(Exercise data)

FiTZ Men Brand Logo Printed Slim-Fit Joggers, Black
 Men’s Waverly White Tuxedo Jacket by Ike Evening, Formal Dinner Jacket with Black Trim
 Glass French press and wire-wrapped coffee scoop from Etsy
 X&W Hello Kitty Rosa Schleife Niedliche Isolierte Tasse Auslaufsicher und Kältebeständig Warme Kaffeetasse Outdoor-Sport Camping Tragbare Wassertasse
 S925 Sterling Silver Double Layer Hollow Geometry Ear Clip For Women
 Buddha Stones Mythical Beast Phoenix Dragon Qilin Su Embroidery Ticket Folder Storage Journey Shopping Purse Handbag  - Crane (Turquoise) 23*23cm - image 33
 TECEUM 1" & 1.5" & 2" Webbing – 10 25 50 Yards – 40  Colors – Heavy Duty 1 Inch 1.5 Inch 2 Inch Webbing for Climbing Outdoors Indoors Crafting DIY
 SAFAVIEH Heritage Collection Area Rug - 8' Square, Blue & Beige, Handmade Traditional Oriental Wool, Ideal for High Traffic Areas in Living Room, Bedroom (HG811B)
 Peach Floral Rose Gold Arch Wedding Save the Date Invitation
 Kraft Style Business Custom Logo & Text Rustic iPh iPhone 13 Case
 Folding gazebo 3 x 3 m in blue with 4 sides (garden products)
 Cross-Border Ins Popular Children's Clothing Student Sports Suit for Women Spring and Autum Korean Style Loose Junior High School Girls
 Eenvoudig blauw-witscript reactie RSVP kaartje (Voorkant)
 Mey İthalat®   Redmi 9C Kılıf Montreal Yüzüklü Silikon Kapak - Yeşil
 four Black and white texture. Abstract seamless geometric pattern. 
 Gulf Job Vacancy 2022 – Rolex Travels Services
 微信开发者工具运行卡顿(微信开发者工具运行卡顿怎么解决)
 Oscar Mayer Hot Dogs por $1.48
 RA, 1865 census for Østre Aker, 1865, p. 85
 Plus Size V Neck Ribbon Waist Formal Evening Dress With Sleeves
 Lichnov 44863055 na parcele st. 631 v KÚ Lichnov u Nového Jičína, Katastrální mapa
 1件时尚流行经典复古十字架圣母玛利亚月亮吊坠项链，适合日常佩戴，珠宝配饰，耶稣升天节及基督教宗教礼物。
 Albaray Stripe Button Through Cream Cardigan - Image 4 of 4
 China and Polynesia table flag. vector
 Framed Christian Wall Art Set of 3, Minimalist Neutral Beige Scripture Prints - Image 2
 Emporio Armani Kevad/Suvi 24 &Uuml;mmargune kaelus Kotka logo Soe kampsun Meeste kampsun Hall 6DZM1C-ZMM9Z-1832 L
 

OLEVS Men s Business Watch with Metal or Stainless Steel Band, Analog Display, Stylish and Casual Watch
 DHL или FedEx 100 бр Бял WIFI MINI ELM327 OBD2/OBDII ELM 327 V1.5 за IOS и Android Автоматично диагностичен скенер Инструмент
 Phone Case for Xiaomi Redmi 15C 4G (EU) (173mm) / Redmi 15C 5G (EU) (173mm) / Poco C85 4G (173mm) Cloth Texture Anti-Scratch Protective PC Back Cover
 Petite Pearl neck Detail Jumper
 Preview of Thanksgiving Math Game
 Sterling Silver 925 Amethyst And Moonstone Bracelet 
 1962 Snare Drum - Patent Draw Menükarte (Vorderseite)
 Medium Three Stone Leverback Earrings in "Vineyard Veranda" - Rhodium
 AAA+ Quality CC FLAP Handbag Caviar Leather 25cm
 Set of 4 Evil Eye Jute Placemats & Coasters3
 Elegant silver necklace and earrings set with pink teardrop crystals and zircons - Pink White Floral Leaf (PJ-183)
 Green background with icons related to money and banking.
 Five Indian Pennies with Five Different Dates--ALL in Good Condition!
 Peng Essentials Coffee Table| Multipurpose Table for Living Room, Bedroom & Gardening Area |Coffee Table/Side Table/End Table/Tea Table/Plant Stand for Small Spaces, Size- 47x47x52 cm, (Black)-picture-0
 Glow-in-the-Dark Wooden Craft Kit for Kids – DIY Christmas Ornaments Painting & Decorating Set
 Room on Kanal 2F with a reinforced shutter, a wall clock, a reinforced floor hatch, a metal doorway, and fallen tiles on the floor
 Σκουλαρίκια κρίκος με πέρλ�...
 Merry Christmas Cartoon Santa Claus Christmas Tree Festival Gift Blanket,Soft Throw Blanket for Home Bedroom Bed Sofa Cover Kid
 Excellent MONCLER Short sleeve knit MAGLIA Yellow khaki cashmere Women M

(End Exercise data)

Task instructions: From the first line to the last, copy every record exactly.

Result of this task:
FiTZ Men Brand Logo Printed Slim-Fit Joggers, Black
 Men’s Waverly White Tuxedo Jacket by Ike Evening, Formal Dinner Jacket with Black Trim
 Glass French press and wire-wrapped coffee scoop from Etsy
 X&W Hello Kitty Rosa Schleife Niedliche Isolierte Tasse Auslaufsicher und Kältebeständig Warme Kaffeetasse Outdoor-Sport Camping Tragbare Wassertasse
 S925 Sterling Silver Double Layer Hollow Geometry Ear Clip For Women
 Buddha Stones Mythical Beast Phoenix Dragon Qilin Su Embroidery Ticket Folder Storage Journey Shopping Purse Handbag  - Crane (Turquoise) 23*23cm - image 33
 TECEUM 1" & 1.5" & 2" Webbing – 10 25 50 Yards – 40  Colors – Heavy Duty 1 Inch 1.5 Inch 2 Inch Webbing for Climbing Outdoors Indoors Crafting DIY
 SAFAVIEH Heritage Collection Area Rug - 8' Square, Blue & Beige, Handmade Traditional Oriental Wool, Ideal for High Traffic Areas in Living Room, Bedroom (HG811B)
 Peach Floral Rose Gold Arch Wedding Save the Date Invitation
 Kraft Style Business Custom Logo & Text Rustic iPh iPhone 13 Case
 Folding gazebo 3 x 3 m in blue with 4 sides (garden products)
 Cross-Border Ins Popular Children's Clothing Student Sports Suit for Women Spring and Autum Korean Style Loose Junior High School Girls
 Eenvoudig blauw-witscript reactie RSVP kaartje (Voorkant)
 Mey İthalat®   Redmi 9C Kılıf Montreal Yüzüklü Silikon Kapak - Yeşil
 four Black and white texture. Abstract seamless geometric pattern. 
 Gulf Job Vacancy 2022 – Rolex Travels Services
 微信开发者工具运行卡顿(微信开发者工具运行卡顿怎么解决)
 Oscar Mayer Hot Dogs por $1.48
 RA, 1865 census for Østre Aker, 1865, p. 85
 Plus Size V Neck Ribbon Waist Formal Evening Dress With Sleeves
 Lichnov 44863055 na parcele st. 631 v KÚ Lichnov u Nového Jičína, Katastrální mapa
 1件时尚流行经典复古十字架圣母玛利亚月亮吊坠项链，适合日常佩戴，珠宝配饰，耶稣升天节及基督教宗教礼物。
 Albaray Stripe Button Through Cream Cardigan - Image 4 of 4
 China and Polynesia table flag. vector
 Framed Christian Wall Art Set of 3, Minimalist Neutral Beige Scripture Prints - Image 2
 Emporio Armani Kevad/Suvi 24 &Uuml;mmargune kaelus Kotka logo Soe kampsun Meeste kampsun Hall 6DZM1C-ZMM9Z-1832 L
 

OLEVS Men s Business Watch with Metal or Stainless Steel Band, Analog Display, Stylish and Casual Watch
 DHL или FedEx 100 бр Бял WIFI MINI ELM327 OBD2/OBDII ELM 327 V1.5 за IOS и Android Автоматично диагностичен скенер Инструмент
 Phone Case for Xiaomi Redmi 15C 4G (EU) (173mm) / Redmi 15C 5G (EU) (173mm) / Poco C85 4G (173mm) Cloth Texture Anti-Scratch Protective PC Back Cover
 Petite Pearl neck Detail Jumper
 Preview of Thanksgiving Math Game
 Sterling Silver 925 Amethyst And Moonstone Bracelet 
 1962 Snare Drum - Patent Draw Menükarte (Vorderseite)
 Medium Three Stone Leverback Earrings in "Vineyard Veranda" - Rhodium
 AAA+ Quality CC FLAP Handbag Caviar Leather 25cm
 Set of 4 Evil Eye Jute Placemats & Coasters3
 Elegant silver necklace and earrings set with pink teardrop crystals and zircons - Pink White Floral Leaf (PJ-183)
 Green background with icons related to money and banking.
 Five Indian Pennies with Five Different Dates--ALL in Good Condition!
 Peng Essentials Coffee Table| Multipurpose Table for Living Room, Bedroom & Gardening Area |Coffee Table/Side Table/End Table/Tea Table/Plant Stand for Small Spaces, Size- 47x47x52 cm, (Black)-picture-0
 Glow-in-the-Dark Wooden Craft Kit for Kids – DIY Christmas Ornaments Painting & Decorating Set
 Room on Kanal 2F with a reinforced shutter, a wall clock, a reinforced floor hatch, a metal doorway, and fallen tiles on the floor
 Σκουλαρίκια κρίκος με πέρλ�...
 Merry Christmas Cartoon Santa Claus Christmas Tree Festival Gift Blanket,Soft Throw Blanket for Home Bedroom Bed Sofa Cover Kid
 Excellent MONCLER Short sleeve knit MAGLIA Yellow khaki cashmere Women M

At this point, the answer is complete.